II. WERE AN IMPORTANT ALLEVIATION OF THE EVILS OF WAR. They aimed at exempting those who, from their circumstances and prospects, would feel most keenly the hardship of a call to service. Deuteronomy 20:7 connects itself with the importance attached in ancient nations to the perpetuation of the house. "According to modern notions, a forlorn hope would naturally be composed of men who had not given hostages to fortune. Such, however, was not the light in which the matter presented itself to the Greek mind. The human plant had flowered. The continuance of the house was secure.

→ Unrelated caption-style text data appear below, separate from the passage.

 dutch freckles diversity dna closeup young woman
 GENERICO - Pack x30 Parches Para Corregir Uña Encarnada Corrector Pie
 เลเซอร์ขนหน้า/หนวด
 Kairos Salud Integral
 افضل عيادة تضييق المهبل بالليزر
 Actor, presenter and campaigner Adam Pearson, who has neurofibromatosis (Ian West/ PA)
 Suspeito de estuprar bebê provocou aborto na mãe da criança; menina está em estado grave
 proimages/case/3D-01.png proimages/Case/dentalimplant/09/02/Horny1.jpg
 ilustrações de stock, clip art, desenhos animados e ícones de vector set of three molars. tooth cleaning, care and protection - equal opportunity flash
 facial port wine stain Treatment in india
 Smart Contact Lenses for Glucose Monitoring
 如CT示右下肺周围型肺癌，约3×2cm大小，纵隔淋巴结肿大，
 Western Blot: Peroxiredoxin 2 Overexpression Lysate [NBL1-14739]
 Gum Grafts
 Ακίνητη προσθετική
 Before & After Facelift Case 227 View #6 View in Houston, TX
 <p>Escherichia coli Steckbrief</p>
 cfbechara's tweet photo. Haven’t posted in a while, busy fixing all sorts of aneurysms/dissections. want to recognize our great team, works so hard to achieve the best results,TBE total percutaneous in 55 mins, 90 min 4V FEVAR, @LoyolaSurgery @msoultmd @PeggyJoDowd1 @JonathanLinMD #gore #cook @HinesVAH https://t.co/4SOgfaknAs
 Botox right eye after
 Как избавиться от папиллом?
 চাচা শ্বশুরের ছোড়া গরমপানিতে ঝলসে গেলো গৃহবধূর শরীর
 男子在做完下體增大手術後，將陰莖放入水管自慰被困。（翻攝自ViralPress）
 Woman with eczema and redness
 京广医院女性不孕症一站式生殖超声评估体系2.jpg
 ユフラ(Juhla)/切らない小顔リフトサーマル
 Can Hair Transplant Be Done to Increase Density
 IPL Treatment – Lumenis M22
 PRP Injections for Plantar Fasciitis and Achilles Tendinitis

It was therefore comparatively of little moment what befell the man whose duty to his ancestors had been fulfilled" (Renouf). The sentiment here expressed was that of ancient nations generally.
III. WERE OF GREAT IMPORTANCE IN SECURING EFFICIENCY IN THE ARMY. The army was plainly better without the cowards than with them. One coward may do harm to a whole company. But, besides these, it was likely that persons serving by compulsion, in a spirit of discontent at disappointed prospects, and for the sake of their prospects unwilling to part with their lives, would prove but inferior soldiers. At any rate, there was policy in recruiting the army only from those who had a fixed stake in the welfare of the nation. The man with house, wife, and vineyard was more likely to be ready to shed the last drop of his blood in defense of his treasures than one wholly unattached, or attached only in hope.
LESSONS.
1. Those entering the Christian warfare need to count the cost (Luke 14:25-34).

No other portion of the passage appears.